Des hommes, vêtus de chemises bleues en loques et de pantalons de velours noir à côtes, coiffés de chapeaux de paille à larges bords, en train de labourer les champs, marchaient derrière des attelages de mulets dont les oreilles battaient au rythme des pas. Ils avaient de bien mauvaises charrues qui ne faisaient qu’ameublir superficiellement le sol, sans pouvoir y creuser quelque chose qui méritât le nom de sillon. Tous leurs instruments d’agriculture étaient déplorablement archaïques, car tout était commandé par le prix élevé du métal. On raccommodait un soc brisé, par exemple, et on le raccommodait à nouveau, et tant de fois qu’il finissait par n’être plus qu’un assemblage de morceaux. Les râteaux et les fourches étaient en bois.
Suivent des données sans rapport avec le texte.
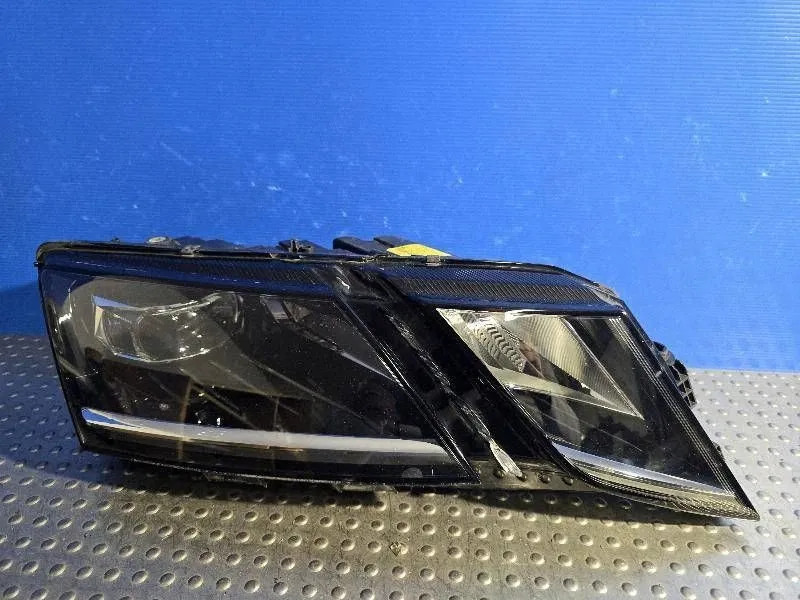 Skoda Octavia III Front Right LED Headlight OEM 5E1941016D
Les bêches, chez ces gens qui possédaient rarement des souliers, étaient chose inconnue ; pour creuser, ils avaient une houe grossière comme celles dont on se sert en Inde. Il y avait aussi une sorte de herse qui vous ramenait tout droit à la fin de l’âge de pierre. De la dimension environ d’une table de cuisine, elle était faite de planches jointes les unes aux autres et mortaisées de centaines de trous ; et dans chacun de ces trous était coincé un éclat de silex qu’on avait obtenu de la forme souhaitée en s’y prenant exactement comme les hommes s’y prenaient il y a dix mille ans. Je me souviens du sentiment presque d’horreur qui s’était emparé de moi lorsque j’étais pour la première fois tombé sur un de ces instruments, à l’intérieur d’une hutte abandonnée, dans le no man’s land. Cela me rendit malade rien que de penser à la somme de travail qu’avait dû exiger la fabrication d’une telle chose, et à la misère à ce point profonde qui faisait employer le silex au lieu de l’acier. J’ai depuis lors ressenti plus de sympathie à l’égard de l’industrialisme. Cependant il y avait dans le village deux tracteurs agricoles modernes, saisis sans doute sur le domaine de quelque grand propriétaire foncier.
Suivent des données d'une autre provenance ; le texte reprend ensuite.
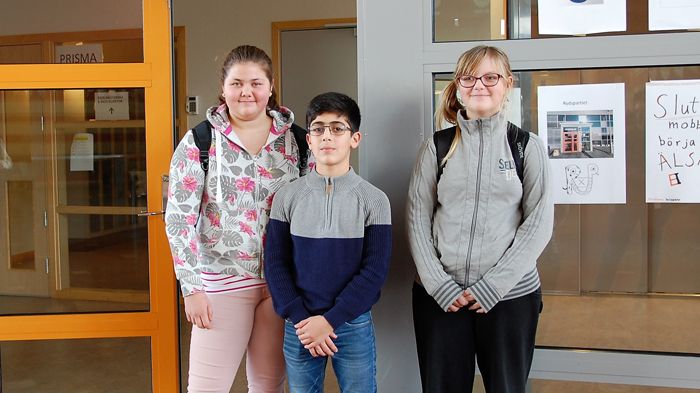 Bild: Skövde kommun. Lisa Fredh, Cherbil Bahnan och Robin Frisen ser fram emot att ha lektioner på lördag för att visa yngre elever hur det är att gå i sjuan på Rydskolan.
Une ou deux fois j’allai en me promenant jusqu’au petit cimetière entouré de murs qui se trouvait à environ un mille du village. Les morts du front étaient en général transportés à Sietamo ; il n’y avait là que les morts du village. Il différait singulièrement d’un cimetière anglais. Ici, aucune piété envers les morts ! Des buissons et une herbe commune avaient tout envahi et des ossements humains étaient éparpillés partout. Mais ce qui était véritablement surprenant, c’était l’absence à peu près absolue d’inscriptions religieuses sur les pierres tombales, bien que celles-ci datassent toutes d’avant la révolution. Une seule fois, je crois, je vis le « Priez pour l’âme d’untel » qui est courant sur les tombes catholiques. La plupart des inscriptions étaient tout simplement profanes, célébrant en de risibles poèmes les vertus des défunts. Une tombe peut-être sur quatre ou cinq portait une petite croix ou une allusion de pure forme au ciel, et en général elle avait été plus ou moins grattée par le ciseau d’un athée zélé.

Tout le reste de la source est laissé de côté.